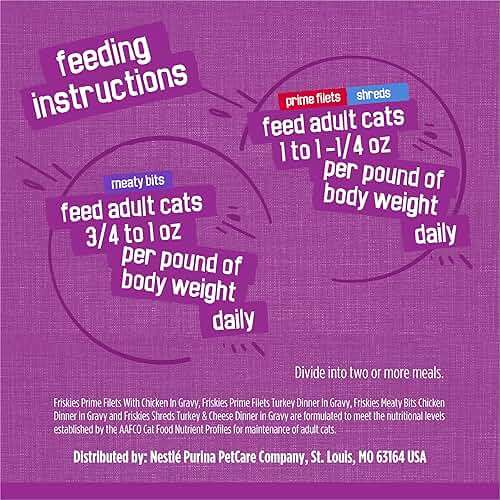 Purina Friskies Gravy Wet Cat Food Variety Pack, Poultry Shreds, Meaty Bits and Prime Filets - (Pack of 32) 5.5 oz. Cans - Image 10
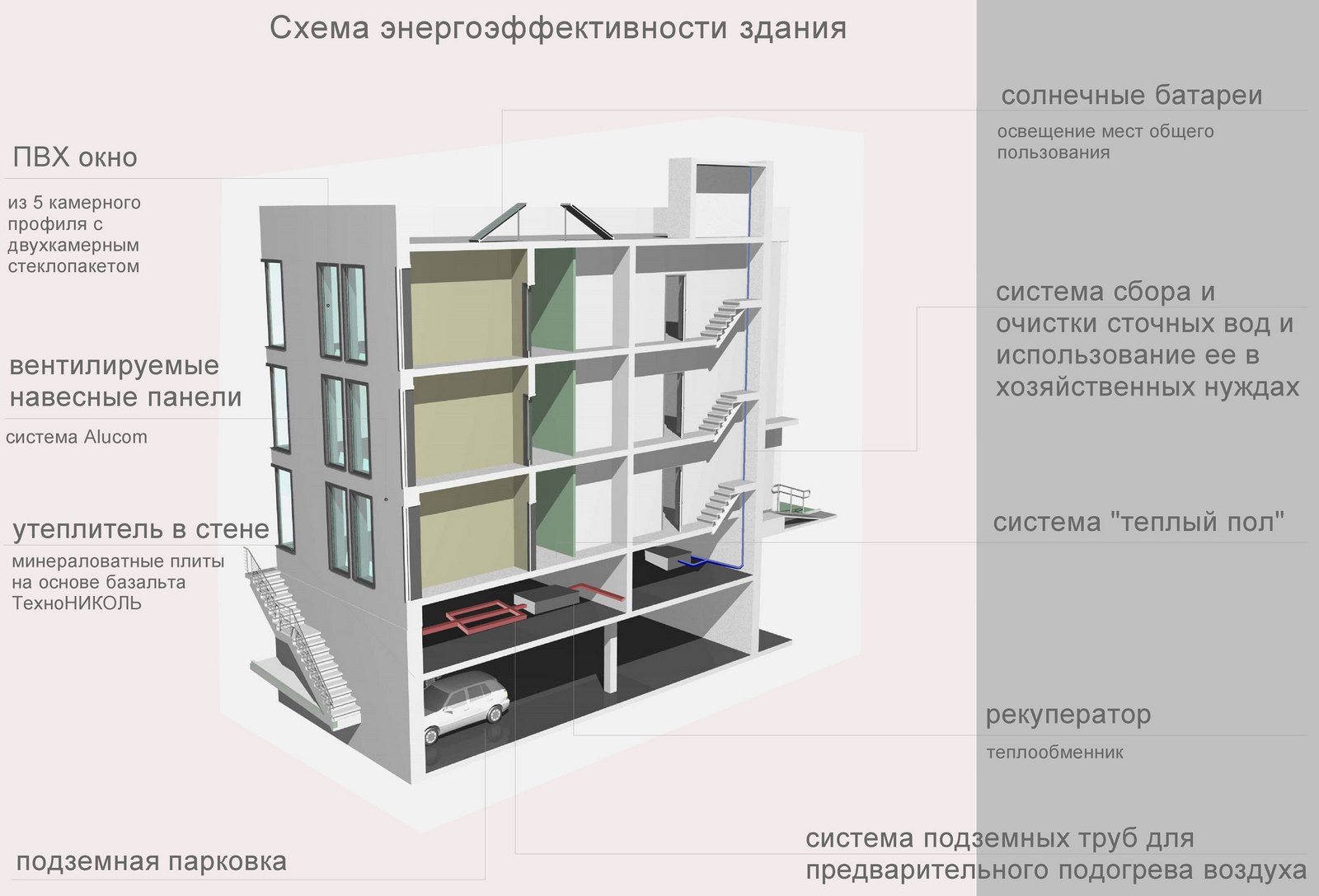 Арутюнян Гаянэ. Многоквартирный жилой дом. Номинация: Многоквартирный жилой дом для молодой семьи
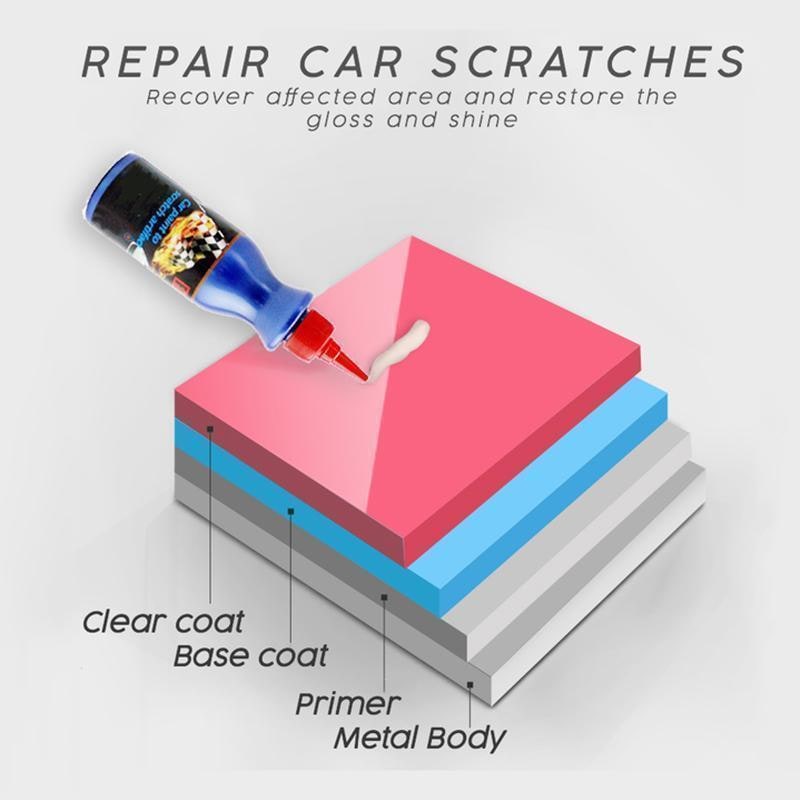 Car Scratch Remover and Paint Repair Kit with Foam Buffer Pad and Applicator Compound - Image 6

- _Problem description_
The response has to be an exact copy of all the data, pictures excluded.

- _Result of the task_
 Purina Friskies Gravy Wet Cat Food Variety Pack, Poultry Shreds, Meaty Bits and Prime Filets - (Pack of 32) 5.5 oz. Cans - Image 10
 Арутюнян Гаянэ. Многоквартирный жилой дом. Номинация: Многоквартирный жилой дом для молодой семьи
 Car Scratch Remover and Paint Repair Kit with Foam Buffer Pad and Applicator Compound - Image 6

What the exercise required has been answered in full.